• Assignment
Scan the records for lines with the string "Drive". Say how many there are, and add nothing.
=== Section Start ===
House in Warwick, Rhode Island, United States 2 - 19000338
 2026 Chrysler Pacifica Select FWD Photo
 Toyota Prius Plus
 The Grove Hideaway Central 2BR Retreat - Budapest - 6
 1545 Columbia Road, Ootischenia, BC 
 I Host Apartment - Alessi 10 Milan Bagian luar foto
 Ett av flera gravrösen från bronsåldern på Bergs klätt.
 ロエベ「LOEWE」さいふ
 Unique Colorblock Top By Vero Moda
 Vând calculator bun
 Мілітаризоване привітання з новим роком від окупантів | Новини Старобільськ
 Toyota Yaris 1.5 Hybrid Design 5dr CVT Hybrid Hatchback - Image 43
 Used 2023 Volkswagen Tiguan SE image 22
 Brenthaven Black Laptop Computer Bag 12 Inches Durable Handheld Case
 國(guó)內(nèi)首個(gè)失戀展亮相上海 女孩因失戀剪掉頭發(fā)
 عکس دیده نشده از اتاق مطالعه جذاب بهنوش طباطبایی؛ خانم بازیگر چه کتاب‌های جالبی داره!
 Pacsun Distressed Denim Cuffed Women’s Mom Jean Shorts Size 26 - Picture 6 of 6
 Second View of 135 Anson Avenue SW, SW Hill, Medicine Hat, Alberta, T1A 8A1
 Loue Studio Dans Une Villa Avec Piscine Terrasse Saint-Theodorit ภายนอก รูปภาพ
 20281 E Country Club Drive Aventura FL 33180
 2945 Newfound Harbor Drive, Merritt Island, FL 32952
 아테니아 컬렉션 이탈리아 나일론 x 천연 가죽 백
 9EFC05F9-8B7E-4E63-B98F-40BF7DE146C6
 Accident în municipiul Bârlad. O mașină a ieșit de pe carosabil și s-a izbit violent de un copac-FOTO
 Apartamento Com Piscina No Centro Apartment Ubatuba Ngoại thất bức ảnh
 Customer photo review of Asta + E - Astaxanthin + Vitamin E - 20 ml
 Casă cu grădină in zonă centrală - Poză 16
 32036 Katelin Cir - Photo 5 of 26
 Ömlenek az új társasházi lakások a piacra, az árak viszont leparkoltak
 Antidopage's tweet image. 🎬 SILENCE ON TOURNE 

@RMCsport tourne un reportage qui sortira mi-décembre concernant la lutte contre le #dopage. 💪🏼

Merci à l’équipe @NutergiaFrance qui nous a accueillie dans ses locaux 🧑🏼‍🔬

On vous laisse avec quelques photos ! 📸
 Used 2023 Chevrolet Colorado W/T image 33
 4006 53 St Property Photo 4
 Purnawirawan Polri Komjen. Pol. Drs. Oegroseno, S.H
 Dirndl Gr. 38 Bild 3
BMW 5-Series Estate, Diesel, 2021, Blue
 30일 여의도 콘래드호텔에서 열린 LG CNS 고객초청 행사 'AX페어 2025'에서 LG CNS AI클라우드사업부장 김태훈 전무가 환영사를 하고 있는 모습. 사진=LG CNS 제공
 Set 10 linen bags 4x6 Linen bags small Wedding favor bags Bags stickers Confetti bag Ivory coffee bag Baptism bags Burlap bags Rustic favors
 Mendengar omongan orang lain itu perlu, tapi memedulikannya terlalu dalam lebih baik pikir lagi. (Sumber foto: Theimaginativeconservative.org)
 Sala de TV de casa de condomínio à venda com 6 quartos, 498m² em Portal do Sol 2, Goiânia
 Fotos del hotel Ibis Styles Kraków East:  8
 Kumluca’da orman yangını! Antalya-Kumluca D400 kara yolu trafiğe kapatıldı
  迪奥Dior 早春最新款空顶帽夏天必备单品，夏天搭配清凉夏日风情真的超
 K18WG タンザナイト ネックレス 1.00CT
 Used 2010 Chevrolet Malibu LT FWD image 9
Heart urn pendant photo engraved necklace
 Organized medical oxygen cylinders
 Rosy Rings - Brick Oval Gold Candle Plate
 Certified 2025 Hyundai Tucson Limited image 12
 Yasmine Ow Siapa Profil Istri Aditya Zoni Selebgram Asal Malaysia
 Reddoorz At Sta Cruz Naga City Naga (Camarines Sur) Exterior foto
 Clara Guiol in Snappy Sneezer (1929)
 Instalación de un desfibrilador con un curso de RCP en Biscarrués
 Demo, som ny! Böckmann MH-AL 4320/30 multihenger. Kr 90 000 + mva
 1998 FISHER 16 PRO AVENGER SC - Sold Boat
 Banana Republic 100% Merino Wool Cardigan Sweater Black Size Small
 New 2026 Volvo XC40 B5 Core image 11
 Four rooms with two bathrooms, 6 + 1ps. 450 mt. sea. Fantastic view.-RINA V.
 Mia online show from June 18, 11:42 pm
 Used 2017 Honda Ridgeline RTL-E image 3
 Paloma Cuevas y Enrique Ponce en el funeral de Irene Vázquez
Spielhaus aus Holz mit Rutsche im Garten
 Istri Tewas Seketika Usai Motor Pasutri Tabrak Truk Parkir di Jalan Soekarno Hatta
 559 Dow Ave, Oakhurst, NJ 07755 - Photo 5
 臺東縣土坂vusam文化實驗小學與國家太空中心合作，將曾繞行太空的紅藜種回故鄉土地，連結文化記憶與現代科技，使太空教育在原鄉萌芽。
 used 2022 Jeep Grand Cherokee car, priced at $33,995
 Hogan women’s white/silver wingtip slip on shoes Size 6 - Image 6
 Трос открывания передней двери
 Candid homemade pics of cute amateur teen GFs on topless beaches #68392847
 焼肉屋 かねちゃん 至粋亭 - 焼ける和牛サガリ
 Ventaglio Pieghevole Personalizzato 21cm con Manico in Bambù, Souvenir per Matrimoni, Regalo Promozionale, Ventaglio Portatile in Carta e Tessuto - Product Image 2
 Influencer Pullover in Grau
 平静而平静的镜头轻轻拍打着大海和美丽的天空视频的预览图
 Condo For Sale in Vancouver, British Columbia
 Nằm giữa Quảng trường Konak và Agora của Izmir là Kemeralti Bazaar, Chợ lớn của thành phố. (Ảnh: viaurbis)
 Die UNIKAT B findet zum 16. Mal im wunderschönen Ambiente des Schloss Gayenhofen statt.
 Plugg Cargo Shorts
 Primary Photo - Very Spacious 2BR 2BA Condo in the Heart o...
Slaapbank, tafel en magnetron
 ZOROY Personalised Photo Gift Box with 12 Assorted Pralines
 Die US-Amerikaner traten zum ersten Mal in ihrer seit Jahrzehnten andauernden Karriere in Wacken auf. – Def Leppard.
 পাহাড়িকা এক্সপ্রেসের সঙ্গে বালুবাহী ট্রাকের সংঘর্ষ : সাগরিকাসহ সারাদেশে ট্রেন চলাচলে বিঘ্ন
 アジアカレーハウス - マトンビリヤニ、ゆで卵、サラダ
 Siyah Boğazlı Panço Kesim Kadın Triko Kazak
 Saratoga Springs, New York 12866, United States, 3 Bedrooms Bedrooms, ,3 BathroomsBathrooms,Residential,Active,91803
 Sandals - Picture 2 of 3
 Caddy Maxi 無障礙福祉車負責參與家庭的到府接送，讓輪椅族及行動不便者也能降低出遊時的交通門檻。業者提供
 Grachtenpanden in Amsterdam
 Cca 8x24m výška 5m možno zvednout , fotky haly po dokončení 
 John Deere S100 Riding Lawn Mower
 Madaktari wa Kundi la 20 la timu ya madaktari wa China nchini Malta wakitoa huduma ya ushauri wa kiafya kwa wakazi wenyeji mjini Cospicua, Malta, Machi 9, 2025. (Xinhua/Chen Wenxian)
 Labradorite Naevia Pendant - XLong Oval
=== Section End ===
• Result of this task
2